Christ only knows how though. When your favourite pop star has spent more time in the last few years making orphanages than she has good records it’s a bit hard to work out what to expect. The problem is – and feel free to disagree – is that Madonna is entering uncharted pop territory. Like Elizabeth I towards the end of her reign (only with whiter teeth), she has nothing left to prove – her contemporaries lie defeated on the battlefield and her court is a simpering crowd of cowering sycophants too afraid to voice their concerns that opening a chain of gyms in Brazil might not be a good idea. The only thing she can pick a fight with these days is a hydrangea.

So, by continuing to make albums is she extending her legacy or diminishing it? 2008’s “Hard Candy” would support the latter viewpoint, but it’s not so long since the career-high of “Confessions on a Dancefloor” either. Another problem – the more time goes on, the less historical goodwill there is to fall back on. People my age, who still think of “Like a Prayer” as late-era Madonna, are no longer the tastemakers of today. 2011’s in-crowd, whose earliest memory of Madge is likely to be something from “Bedtime Stories” (eek) are probably wondering what all the fuss was about, and that’s if they think of her at all.

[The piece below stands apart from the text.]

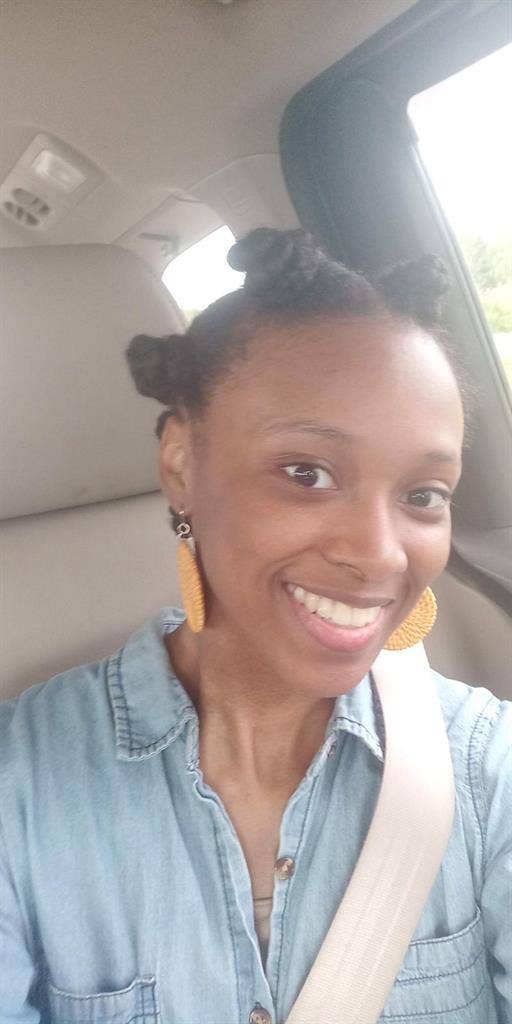 Female looking for Female Roommate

There’s still hope, though it is barely a glimmer. The wisest thing Madonna’s done in the last few years is to sit out the GaGa era entirely. I just hope it was a conscious decision. It must have been seat-of-your-hot-pants entertaining to watch this particular rise and fall – for a while it looked like she was the Anointed One – the thief in the temple of pop who would finally steal the crown and slay the regnant Queen of Pop. And it might have happened, but for two factors – one, she made a crap second album, and, two, by anointing us as her little monsters and deciding to become the saviour of the gays, she crowned herself – something that was not her decision to make. This makes Lady GaGa the Richard III of pop music. He only lasted two years too.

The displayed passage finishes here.